__What you need to do__: Print every record exactly.

● ● ● ● ●

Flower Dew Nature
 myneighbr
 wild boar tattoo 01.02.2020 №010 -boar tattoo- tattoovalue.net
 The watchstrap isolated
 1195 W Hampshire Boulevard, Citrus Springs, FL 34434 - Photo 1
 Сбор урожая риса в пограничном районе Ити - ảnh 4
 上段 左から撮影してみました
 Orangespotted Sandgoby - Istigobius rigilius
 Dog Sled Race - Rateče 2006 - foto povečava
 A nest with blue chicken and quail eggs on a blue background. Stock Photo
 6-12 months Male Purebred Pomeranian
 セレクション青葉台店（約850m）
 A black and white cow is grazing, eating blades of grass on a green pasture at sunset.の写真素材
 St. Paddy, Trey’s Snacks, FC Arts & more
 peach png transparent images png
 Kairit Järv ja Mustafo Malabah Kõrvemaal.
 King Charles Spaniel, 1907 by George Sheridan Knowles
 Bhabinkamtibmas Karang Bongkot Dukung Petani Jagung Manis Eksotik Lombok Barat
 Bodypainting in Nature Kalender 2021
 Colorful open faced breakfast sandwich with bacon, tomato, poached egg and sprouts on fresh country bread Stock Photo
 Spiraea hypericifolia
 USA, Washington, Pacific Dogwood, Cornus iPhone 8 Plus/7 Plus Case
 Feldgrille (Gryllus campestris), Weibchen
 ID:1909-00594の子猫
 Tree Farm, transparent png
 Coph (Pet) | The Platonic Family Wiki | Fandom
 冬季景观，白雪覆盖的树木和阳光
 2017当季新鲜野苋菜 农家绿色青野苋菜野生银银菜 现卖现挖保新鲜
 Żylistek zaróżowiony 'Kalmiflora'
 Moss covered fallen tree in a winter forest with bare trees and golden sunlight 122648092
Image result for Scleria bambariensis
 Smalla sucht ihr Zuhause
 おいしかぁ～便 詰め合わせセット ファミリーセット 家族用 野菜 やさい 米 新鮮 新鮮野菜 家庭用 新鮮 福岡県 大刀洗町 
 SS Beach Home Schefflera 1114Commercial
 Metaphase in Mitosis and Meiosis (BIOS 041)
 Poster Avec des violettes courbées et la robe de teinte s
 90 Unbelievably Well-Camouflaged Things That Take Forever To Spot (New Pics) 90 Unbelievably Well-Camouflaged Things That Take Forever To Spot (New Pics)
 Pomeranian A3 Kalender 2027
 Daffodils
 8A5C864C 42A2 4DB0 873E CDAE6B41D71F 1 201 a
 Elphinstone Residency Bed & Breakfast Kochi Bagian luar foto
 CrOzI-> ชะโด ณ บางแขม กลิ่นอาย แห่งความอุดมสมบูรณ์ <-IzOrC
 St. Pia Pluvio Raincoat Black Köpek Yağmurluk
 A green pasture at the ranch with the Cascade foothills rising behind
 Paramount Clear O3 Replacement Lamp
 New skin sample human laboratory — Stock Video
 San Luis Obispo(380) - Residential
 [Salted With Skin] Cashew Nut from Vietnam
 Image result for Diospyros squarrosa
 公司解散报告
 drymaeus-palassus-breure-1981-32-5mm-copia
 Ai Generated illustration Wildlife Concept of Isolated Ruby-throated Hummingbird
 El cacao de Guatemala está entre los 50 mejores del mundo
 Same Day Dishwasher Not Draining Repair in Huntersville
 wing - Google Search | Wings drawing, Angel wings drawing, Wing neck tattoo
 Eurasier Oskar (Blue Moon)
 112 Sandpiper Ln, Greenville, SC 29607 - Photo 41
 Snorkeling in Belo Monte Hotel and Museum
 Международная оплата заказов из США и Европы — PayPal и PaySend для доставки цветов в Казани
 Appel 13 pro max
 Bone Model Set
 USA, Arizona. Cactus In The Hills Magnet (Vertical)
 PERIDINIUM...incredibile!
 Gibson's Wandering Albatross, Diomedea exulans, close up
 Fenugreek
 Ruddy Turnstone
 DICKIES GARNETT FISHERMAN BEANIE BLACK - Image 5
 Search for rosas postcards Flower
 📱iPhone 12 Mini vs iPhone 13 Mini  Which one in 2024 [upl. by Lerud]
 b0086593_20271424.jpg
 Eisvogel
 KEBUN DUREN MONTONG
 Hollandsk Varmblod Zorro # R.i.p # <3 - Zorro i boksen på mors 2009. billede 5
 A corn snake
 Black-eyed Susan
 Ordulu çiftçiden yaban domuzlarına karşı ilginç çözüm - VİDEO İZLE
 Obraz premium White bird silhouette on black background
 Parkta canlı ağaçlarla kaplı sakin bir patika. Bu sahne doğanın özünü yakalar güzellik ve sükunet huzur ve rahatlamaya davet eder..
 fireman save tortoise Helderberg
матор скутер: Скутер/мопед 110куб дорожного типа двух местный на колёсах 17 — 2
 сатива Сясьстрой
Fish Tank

● ● ● ● ●

__Answer to this exercise__:
Flower Dew Nature
 myneighbr
 wild boar tattoo 01.02.2020 №010 -boar tattoo- tattoovalue.net
 The watchstrap isolated
 1195 W Hampshire Boulevard, Citrus Springs, FL 34434 - Photo 1
 Сбор урожая риса в пограничном районе Ити - ảnh 4
 上段 左から撮影してみました
 Orangespotted Sandgoby - Istigobius rigilius
 Dog Sled Race - Rateče 2006 - foto povečava
 A nest with blue chicken and quail eggs on a blue background. Stock Photo
 6-12 months Male Purebred Pomeranian
 セレクション青葉台店（約850m）
 A black and white cow is grazing, eating blades of grass on a green pasture at sunset.の写真素材
 St. Paddy, Trey’s Snacks, FC Arts & more
 peach png transparent images png
 Kairit Järv ja Mustafo Malabah Kõrvemaal.
 King Charles Spaniel, 1907 by George Sheridan Knowles
 Bhabinkamtibmas Karang Bongkot Dukung Petani Jagung Manis Eksotik Lombok Barat
 Bodypainting in Nature Kalender 2021
 Colorful open faced breakfast sandwich with bacon, tomato, poached egg and sprouts on fresh country bread Stock Photo
 Spiraea hypericifolia
 USA, Washington, Pacific Dogwood, Cornus iPhone 8 Plus/7 Plus Case
 Feldgrille (Gryllus campestris), Weibchen
 ID:1909-00594の子猫
 Tree Farm, transparent png
 Coph (Pet) | The Platonic Family Wiki | Fandom
 冬季景观，白雪覆盖的树木和阳光
 2017当季新鲜野苋菜 农家绿色青野苋菜野生银银菜 现卖现挖保新鲜
 Żylistek zaróżowiony 'Kalmiflora'
 Moss covered fallen tree in a winter forest with bare trees and golden sunlight 122648092
Image result for Scleria bambariensis
 Smalla sucht ihr Zuhause
 おいしかぁ～便 詰め合わせセット ファミリーセット 家族用 野菜 やさい 米 新鮮 新鮮野菜 家庭用 新鮮 福岡県 大刀洗町 
 SS Beach Home Schefflera 1114Commercial
 Metaphase in Mitosis and Meiosis (BIOS 041)
 Poster Avec des violettes courbées et la robe de teinte s
 90 Unbelievably Well-Camouflaged Things That Take Forever To Spot (New Pics) 90 Unbelievably Well-Camouflaged Things That Take Forever To Spot (New Pics)
 Pomeranian A3 Kalender 2027
 Daffodils
 8A5C864C 42A2 4DB0 873E CDAE6B41D71F 1 201 a
 Elphinstone Residency Bed & Breakfast Kochi Bagian luar foto
 CrOzI-> ชะโด ณ บางแขม กลิ่นอาย แห่งความอุดมสมบูรณ์ <-IzOrC
 St. Pia Pluvio Raincoat Black Köpek Yağmurluk
 A green pasture at the ranch with the Cascade foothills rising behind
 Paramount Clear O3 Replacement Lamp
 New skin sample human laboratory — Stock Video
 San Luis Obispo(380) - Residential
 [Salted With Skin] Cashew Nut from Vietnam
 Image result for Diospyros squarrosa
 公司解散报告
 drymaeus-palassus-breure-1981-32-5mm-copia
 Ai Generated illustration Wildlife Concept of Isolated Ruby-throated Hummingbird
 El cacao de Guatemala está entre los 50 mejores del mundo
 Same Day Dishwasher Not Draining Repair in Huntersville
 wing - Google Search | Wings drawing, Angel wings drawing, Wing neck tattoo
 Eurasier Oskar (Blue Moon)
 112 Sandpiper Ln, Greenville, SC 29607 - Photo 41
 Snorkeling in Belo Monte Hotel and Museum
 Международная оплата заказов из США и Европы — PayPal и PaySend для доставки цветов в Казани
 Appel 13 pro max
 Bone Model Set
 USA, Arizona. Cactus In The Hills Magnet (Vertical)
 PERIDINIUM...incredibile!
 Gibson's Wandering Albatross, Diomedea exulans, close up
 Fenugreek
 Ruddy Turnstone
 DICKIES GARNETT FISHERMAN BEANIE BLACK - Image 5
 Search for rosas postcards Flower
 📱iPhone 12 Mini vs iPhone 13 Mini  Which one in 2024 [upl. by Lerud]
 b0086593_20271424.jpg
 Eisvogel
 KEBUN DUREN MONTONG
 Hollandsk Varmblod Zorro # R.i.p # <3 - Zorro i boksen på mors 2009. billede 5
 A corn snake
 Black-eyed Susan
 Ordulu çiftçiden yaban domuzlarına karşı ilginç çözüm - VİDEO İZLE
 Obraz premium White bird silhouette on black background
 Parkta canlı ağaçlarla kaplı sakin bir patika. Bu sahne doğanın özünü yakalar güzellik ve sükunet huzur ve rahatlamaya davet eder..
 fireman save tortoise Helderberg
матор скутер: Скутер/мопед 110куб дорожного типа двух местный на колёсах 17 — 2
 сатива Сясьстрой
Fish Tank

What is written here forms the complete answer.